The scope of bribery and corruption has been widened in the amended penal code, which now has exterritorial reach if the crime impacts the UAE. And finally, a new law regulating the UAE Central Bank was issued. To appreciate the significance of the change, one has to be reminded that the law had not been amended since 1980.
The enactment of all these laws in a short period of time indicates how active the UAE has been on the legislative front. The question is, will this trend continue in 2019? I have no reason to doubt that. Considering that the UAE’s cabinet under the leadership of Sheikh Mohammed Bin Rashid Al Maktoum is continuously raising the country’s ranking in the competitiveness index, we can only expect more initiatives to improve the UAE’s status on all fronts, particularly when it comes to commercial law. And while the UAE has done much in this regard, I believe there is still room for improvement. And so I predict a further relaxation of residency laws through minor alterations in order to make them more appealing, once the new regulations find their way into implementation.
The same would apply to foreign ownership laws. In my view, the current changes, although highly welcomed, remain insufficient in attracting serious and large foreign investments, particularly with the incentives that other countries in the region are offering. Investors will demand, rightly so, further activities to be subject to the foreign ownership exemptions.
I PREDICT A FURTHER RELAXATION OF RESIDENCY LAWS THROUGH MINOR ALTERATIONS”
Naturally, with more exemptions, free zones will feel the pressure and will struggle to compete unless they manage to change their modus operandi, although competition is healthy and can only benefit the economy.
What I wish to see, however, is a different story. I will try to be modest in my wish list. What I think the country needs, and soon, is a capital markets law, in order to properly regulate and ultimately improve initial public offerings (IPOs), and prevent irregularities experienced in the past.
A properly regulated market will send a signal of confidence to investors and will help, together with improved liquidity, to push the markets upward.

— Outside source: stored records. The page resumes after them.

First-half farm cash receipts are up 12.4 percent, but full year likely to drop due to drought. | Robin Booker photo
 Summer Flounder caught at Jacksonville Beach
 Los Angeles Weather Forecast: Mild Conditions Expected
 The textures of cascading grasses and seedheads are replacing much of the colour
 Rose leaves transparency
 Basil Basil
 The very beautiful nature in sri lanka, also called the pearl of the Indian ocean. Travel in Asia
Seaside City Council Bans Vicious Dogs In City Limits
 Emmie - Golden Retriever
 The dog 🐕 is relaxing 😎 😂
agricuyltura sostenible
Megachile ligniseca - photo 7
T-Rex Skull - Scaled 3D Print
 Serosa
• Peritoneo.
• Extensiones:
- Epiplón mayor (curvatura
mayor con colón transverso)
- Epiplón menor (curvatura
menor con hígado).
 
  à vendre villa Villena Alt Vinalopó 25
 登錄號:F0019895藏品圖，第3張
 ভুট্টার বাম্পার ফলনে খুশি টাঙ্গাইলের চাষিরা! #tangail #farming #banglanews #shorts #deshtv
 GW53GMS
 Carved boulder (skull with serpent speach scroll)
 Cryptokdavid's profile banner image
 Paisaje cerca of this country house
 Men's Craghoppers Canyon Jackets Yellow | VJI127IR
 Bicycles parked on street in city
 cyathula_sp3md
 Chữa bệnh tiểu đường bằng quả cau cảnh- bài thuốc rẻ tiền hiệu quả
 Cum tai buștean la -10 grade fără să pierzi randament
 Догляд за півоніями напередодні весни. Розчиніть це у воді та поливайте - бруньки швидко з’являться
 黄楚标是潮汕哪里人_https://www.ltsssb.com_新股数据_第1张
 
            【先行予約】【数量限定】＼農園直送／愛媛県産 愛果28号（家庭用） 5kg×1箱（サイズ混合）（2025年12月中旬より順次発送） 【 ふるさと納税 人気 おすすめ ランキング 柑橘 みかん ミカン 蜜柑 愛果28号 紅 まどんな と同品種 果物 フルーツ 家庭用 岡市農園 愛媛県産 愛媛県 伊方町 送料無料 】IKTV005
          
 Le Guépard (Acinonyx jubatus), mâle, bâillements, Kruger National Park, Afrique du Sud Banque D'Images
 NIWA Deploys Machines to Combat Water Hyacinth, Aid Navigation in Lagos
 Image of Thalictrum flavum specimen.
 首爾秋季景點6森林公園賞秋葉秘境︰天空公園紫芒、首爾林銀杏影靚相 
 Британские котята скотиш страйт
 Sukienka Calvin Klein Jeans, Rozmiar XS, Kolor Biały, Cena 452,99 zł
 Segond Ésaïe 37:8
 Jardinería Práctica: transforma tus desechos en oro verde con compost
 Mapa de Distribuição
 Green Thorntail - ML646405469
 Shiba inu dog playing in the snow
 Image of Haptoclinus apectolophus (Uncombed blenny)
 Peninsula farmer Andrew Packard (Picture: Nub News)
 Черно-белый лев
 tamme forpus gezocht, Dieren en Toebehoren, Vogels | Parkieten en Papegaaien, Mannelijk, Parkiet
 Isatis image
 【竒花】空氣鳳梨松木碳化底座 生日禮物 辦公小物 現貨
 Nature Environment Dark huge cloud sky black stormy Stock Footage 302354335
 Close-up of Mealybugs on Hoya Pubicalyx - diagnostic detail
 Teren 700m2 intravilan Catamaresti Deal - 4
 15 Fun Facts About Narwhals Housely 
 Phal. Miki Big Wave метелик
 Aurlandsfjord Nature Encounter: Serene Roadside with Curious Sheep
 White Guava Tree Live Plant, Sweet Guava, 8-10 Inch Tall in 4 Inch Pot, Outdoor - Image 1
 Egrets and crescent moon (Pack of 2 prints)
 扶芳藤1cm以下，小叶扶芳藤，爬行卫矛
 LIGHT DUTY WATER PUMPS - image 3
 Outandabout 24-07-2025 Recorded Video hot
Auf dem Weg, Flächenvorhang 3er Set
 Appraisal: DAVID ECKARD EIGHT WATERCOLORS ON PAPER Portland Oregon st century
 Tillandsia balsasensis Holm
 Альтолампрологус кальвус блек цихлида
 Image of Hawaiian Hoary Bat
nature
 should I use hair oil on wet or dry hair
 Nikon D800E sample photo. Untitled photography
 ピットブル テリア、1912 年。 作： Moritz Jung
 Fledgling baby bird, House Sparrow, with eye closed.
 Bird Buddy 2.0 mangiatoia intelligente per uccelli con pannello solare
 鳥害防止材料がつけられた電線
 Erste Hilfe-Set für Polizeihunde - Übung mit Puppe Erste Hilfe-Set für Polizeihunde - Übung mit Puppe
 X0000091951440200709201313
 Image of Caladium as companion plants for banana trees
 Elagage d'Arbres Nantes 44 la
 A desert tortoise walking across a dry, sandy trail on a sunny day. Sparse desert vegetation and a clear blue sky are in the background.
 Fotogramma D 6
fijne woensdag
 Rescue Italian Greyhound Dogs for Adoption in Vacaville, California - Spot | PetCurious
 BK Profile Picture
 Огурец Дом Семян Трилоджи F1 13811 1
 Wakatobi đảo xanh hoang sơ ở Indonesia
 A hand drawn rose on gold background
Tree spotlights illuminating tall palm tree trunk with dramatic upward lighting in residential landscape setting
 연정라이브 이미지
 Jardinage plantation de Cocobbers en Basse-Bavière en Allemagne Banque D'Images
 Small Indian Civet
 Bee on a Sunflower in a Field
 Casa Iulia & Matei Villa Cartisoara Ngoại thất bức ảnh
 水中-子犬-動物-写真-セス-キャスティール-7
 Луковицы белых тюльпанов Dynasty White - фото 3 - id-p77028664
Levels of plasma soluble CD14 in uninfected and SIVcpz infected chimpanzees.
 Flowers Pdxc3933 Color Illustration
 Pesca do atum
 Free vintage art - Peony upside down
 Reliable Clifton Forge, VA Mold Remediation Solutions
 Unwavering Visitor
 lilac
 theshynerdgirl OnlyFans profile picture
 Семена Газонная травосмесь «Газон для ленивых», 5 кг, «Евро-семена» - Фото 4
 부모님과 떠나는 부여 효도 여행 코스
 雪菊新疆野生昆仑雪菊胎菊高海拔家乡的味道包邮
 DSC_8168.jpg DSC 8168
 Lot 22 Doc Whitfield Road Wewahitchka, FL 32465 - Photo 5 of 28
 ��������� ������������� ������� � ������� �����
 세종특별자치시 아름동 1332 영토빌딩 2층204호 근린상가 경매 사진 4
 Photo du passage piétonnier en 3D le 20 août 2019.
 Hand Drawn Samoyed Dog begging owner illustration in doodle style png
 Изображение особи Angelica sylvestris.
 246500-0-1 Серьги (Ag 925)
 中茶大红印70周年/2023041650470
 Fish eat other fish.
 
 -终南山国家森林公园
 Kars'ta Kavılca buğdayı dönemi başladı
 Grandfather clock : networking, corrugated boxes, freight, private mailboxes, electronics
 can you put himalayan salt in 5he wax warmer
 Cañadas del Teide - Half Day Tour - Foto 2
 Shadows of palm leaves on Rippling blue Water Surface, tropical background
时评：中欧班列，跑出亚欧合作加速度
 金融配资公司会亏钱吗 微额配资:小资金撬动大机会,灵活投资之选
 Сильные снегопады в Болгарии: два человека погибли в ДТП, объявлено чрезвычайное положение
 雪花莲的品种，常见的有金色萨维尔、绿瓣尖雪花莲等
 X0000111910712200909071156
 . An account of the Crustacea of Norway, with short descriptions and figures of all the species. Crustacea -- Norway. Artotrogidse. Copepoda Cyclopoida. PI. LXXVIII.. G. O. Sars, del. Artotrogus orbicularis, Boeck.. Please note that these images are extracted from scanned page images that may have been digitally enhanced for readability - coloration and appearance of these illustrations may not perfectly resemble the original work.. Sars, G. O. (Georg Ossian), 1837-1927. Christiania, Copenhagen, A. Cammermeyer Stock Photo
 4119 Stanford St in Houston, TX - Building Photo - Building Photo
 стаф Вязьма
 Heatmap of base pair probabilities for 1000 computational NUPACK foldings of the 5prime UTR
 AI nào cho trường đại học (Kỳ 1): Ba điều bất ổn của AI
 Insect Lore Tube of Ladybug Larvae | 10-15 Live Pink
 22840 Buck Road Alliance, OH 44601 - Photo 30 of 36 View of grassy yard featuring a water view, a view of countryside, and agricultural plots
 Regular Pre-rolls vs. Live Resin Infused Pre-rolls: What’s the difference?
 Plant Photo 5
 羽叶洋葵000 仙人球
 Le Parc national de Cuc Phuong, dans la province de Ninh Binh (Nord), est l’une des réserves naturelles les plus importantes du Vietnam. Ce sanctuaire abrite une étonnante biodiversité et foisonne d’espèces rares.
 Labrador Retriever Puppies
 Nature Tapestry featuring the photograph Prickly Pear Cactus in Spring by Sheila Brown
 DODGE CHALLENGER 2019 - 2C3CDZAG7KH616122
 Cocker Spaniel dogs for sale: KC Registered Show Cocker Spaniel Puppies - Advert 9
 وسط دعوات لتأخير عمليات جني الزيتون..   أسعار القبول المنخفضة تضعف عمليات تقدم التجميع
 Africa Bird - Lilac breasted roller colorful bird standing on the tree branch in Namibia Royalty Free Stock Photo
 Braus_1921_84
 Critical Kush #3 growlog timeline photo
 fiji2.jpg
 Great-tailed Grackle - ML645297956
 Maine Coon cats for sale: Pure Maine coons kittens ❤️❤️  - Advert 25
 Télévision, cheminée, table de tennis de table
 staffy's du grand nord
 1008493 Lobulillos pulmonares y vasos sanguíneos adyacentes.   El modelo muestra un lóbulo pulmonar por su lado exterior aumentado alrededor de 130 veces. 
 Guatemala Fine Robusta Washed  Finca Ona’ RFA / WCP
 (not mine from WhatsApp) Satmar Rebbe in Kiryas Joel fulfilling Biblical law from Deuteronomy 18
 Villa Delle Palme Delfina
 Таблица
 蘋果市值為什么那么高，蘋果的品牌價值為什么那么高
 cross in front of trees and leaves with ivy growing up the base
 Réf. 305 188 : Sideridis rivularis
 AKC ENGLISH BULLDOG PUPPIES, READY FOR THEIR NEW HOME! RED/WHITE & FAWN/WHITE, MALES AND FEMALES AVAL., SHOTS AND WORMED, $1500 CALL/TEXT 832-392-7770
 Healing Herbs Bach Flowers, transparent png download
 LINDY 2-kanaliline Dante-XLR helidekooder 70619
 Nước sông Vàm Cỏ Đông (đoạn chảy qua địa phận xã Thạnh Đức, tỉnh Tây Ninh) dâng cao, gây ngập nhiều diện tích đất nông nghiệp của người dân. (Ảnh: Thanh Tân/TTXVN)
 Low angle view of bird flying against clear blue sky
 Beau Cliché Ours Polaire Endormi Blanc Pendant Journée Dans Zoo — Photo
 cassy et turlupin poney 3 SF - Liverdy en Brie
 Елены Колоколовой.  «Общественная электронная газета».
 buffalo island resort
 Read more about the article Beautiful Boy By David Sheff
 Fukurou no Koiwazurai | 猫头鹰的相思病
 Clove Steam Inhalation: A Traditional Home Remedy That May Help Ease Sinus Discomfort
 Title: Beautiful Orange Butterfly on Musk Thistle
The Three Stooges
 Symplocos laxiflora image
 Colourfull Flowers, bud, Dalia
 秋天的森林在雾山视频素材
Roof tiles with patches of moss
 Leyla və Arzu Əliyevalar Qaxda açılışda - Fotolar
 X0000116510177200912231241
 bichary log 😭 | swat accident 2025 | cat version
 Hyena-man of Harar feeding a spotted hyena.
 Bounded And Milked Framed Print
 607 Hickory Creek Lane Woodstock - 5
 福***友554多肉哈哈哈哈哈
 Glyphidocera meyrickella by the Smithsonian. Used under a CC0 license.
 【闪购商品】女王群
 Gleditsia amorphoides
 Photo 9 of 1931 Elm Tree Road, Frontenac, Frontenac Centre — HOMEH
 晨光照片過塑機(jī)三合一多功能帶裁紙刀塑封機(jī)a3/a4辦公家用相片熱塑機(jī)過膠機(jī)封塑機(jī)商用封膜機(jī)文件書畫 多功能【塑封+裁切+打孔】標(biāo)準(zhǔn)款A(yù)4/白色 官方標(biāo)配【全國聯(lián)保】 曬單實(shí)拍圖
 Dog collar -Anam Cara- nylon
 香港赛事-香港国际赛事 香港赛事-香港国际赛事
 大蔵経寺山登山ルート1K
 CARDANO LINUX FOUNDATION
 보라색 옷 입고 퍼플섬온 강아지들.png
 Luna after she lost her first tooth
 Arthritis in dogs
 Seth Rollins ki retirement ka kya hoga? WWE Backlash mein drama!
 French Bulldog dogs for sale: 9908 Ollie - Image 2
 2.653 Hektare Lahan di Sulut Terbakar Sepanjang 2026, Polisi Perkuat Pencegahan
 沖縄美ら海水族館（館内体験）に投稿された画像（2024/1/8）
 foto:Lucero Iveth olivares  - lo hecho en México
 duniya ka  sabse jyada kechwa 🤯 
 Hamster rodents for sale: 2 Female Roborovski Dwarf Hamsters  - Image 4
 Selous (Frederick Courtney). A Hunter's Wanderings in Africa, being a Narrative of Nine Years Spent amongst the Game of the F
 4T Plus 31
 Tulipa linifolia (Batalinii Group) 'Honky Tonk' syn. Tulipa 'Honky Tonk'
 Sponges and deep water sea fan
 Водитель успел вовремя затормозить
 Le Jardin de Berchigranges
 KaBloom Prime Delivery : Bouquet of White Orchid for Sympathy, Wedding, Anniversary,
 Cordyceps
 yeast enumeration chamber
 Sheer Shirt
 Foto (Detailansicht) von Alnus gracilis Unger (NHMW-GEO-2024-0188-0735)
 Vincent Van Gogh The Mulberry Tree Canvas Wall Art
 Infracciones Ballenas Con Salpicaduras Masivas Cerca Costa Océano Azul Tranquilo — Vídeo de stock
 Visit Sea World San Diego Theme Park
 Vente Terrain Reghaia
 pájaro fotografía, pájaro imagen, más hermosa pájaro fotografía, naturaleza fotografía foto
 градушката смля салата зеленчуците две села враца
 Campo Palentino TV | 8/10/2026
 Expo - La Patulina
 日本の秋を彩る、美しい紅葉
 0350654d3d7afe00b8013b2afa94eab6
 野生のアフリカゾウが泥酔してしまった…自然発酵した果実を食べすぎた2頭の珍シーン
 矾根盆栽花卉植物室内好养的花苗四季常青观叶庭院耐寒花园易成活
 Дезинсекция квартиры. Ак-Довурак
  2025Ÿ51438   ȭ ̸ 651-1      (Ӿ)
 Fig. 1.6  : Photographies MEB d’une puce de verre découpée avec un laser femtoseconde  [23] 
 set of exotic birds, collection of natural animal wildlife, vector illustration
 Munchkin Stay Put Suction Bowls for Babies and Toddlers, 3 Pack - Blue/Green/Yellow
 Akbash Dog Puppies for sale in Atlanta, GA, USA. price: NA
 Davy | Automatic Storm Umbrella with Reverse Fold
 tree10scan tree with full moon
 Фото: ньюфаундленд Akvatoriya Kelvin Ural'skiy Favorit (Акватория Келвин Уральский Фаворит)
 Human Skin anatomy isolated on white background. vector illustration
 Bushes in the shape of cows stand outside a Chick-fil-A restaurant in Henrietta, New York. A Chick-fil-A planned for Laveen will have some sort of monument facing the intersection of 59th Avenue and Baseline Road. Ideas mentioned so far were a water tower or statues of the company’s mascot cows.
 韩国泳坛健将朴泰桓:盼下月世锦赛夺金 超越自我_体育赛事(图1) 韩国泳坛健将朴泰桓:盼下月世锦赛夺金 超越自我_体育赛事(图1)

What I also hope to deal with is the issue of criminal sanctions on the issuance of bounced cheques. There have been few moves in this direction, such as no imprisonment for cheques under $54,450 in value, limited protections as per the bankruptcy law and the waiving of criminal charges if the value of the cheque is paid.
But we need to make a bold decision to deal with this taboo once and for all, in order to benefit the economy as a whole, particularly when we are heading towards a tough year according to many economic commentators.
Whether this is going to happen in 2019 is uncertain, but I am a firm believer that progress will be made.
A PROPERLY REGULATED MARKET WILL SEND A SIGNAL OF CONFIDENCE TO INVESTORS”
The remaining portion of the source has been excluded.